Pathological complete response was
11.42% (n=4) in luminal A and 15.78% (n=6) in luminal B. It was 21% (n=4) in
HER2 and 36.6% in the TRIPPLE (-) group. For all groups, the number of axillary
(+) lymph nodes detected in the TRIPPLE (-) group was 3.2±4.6, while the mean
number of positive lymph nodes in other subtype groups was 0.5±0.8 (p=0.021).
DISCUSSION
Neoadjuvant therapy refers to
systemic treatment of breast cancer before surgical treatment. Neoadjuvant
chemotherapy (NACT) aims to reduce tumor size in locally advanced breast
cancers, to provide the patient with a chance of breast cancer surgery (BCS),
and to prevent micrometastatic foci while awaiting surgery. Neoadjuvant
chemotherapy can eliminate disease in regional lymph nodes and convert
node-positive disease into node-negative disease, reducing the size of primary
tumors (5). Knowing the subtype of the disease affects the choice of chemotherapeutic
agent, response to chemotherapy, and the risk of recurrence. Some studies have
shown nodal pathological complete response rates of approximately 40% after
NACT, and it has been demonstrated that the tumor molecular subtype is associated
with the level of response (6). However, 20% of known cases do not receive the
necessary response to neoadjuvant chemotherapy, and this patient group is
delayed with ineffective treatment options, exposed to unnecessary
chemotherapeutic toxicity burden, and loses the chance of early surgery (7).
This situation requires a detailed examination of the tumor group in which NACT
treatment is sufficiently compelling to make personalized treatment plans.
In our clinic, 103 patients
underwent neoadjuvant chemotherapy and then breast surgery in 10 years. The
current study was conducted to determine whether the molecular structure of the
tumor affects the type of breast surgery and to what extent tumor
histopathology and tumor subtypes are related to the response to treatment after
AKT. To investigate the effectiveness of neoadjuvant chemotherapy, we examined
the patients' tumoral response, nodal response, and pathological complete
response levels.
Factors that give an idea about the
risk of disease recurrence independent of the treatment are prognostic factors,
among which axillary node involvement status, tumor diameter, histological
grade, and age are the most essential factors. In this study, patients with
histopathologically proven clinical stage T0-T4 0-N2 M0 who received neoadjuvant
treatment before surgery were examined. The mean age of these patients, all
women, was determined to be 55 years. It was determined that a smaller portion
of the patients included in the study (23.3%) were in menopause. The age and
menopause status of our patients in the survey were unrelated to tumoral,
nodal, and pathological complete responses. According to our study, age and
menopause status were not found to be independent factors affecting the
response of the disease to ACT. In our study, the mean age showed a significant
difference only in patients who showed tumoral complete response; the mean age
of patients who showed tumoral complete response (TCR) was 51 and 57 in those
who did not show TCR, respectively.
As is known from the literature,
the incidence of breast cancer is up to 4 times higher in women over 50 years
of age than in younger women (8,9). Although it has been reported that younger
patients may respond better to neoadjuvant therapy because proliferative tumors
are frequently seen (10), studies also show that age is not related to response
but inversely related (9). In addition to variable reports of results regarding
response to treatment, studies on the effects of age and menopausal status on
clinical course and prognosis are also variable; some studies fail to show a
relationship between age and response, and publications suggest an inverse
relationship (9). It is seen that large-scale meta-analyses are needed to
standardize information regarding parameters such as age, menopausal status,
breast cancer clinical course, prognosis, and response to neoadjuvant therapy.
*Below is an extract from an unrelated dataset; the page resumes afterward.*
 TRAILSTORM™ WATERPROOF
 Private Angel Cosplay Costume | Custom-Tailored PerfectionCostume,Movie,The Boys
It was observed that most of the
patients in our study presented with left breast involvement. It was observed
that the side of the disease was not related to the treatment response and was
not a factor affecting the treatment. At the time of presentation, it was
observed that all cases, except 6.7%, presented with non-involvement. The tumor
size of the patients included in the study was 30 mm on average. The tumor size
decreased to 20 mm after surgery and was found to be significantly different
from the pre-surgery one. It was shown that the tumor diameter, clinical T
stage, and clinical non-involvement stage (N I and N2) of the patients before
neoadjuvant therapy were similarly distributed in the tumor subtypes.
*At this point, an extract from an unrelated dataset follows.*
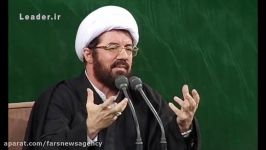 سخنان صریح حجت الاسلام عالی در نقد ادعای اخیر روحانی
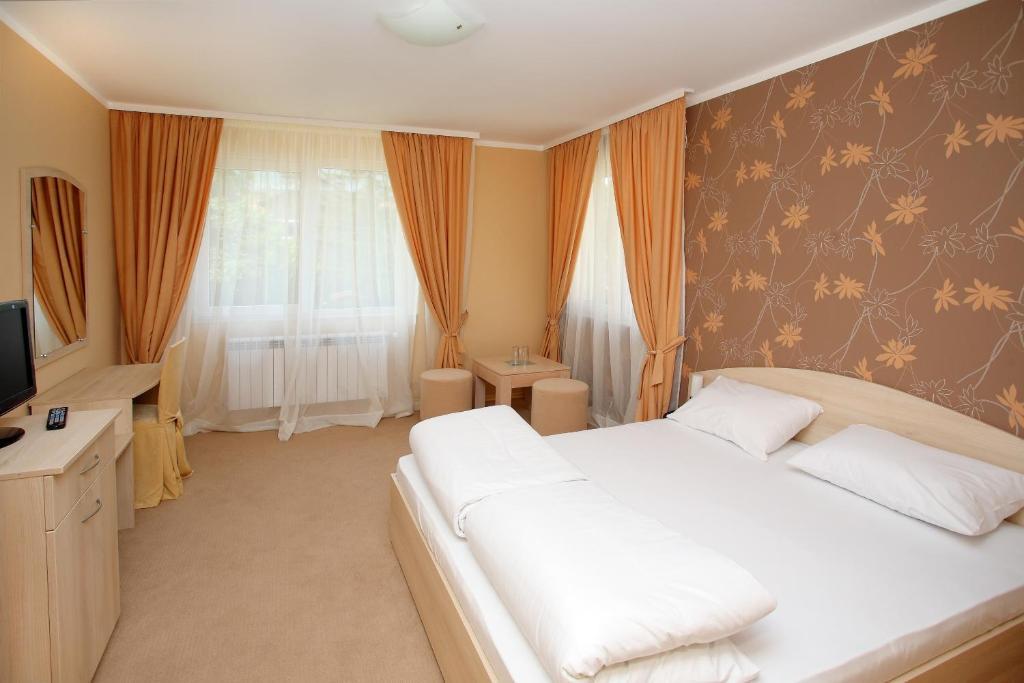 Family Hotel Diana Sofia Cameră foto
Second-degree tumors and I involvement were more frequent in number, although
not significant. It can be suggested that this difference is not essential due
to the relatively small number of our study patients. Similarly, it has been
shown in the literature that in patients diagnosed with locally invasive breast
cancer, the side of the breast affected by the disease is not related to the
prognosis. Still, the disease burden, tumor size, and axillary node involvement
have predictive value (10,11). In their study, Mamounas et al. reported that
age, clinical features of the tumor, and initial lymph node involvement were
factors affecting treatment success and locoregional recurrence after
neoadjuvant CT (12).
In our study, the most common tumor
type was invasive ductal carcinoma. Hormone (ER and PR) positivity was the most
common receptor positivity in the entire cancer group, and the most common
subtypes were Luminal B and Luminal A, respectively. The preoperative mean
Ki-67 level was 27%. This information, which is consistent with the widely
known general characteristics and distribution rates of locally invasive breast
cancers, is consistent with many studies (13,14), as well as the latest data
from the Surveillance, Epidemiology, and End Results (SEER) database of the
National Cancer Institute (15). It is known that ER and PR expression
(especially ER positivity), as in Luminous A subgroup tumors, is generally
associated with a good prognosis in the short term. This receptor status
determines whether breast cancer requires adjuvant endocrine therapy (16–18).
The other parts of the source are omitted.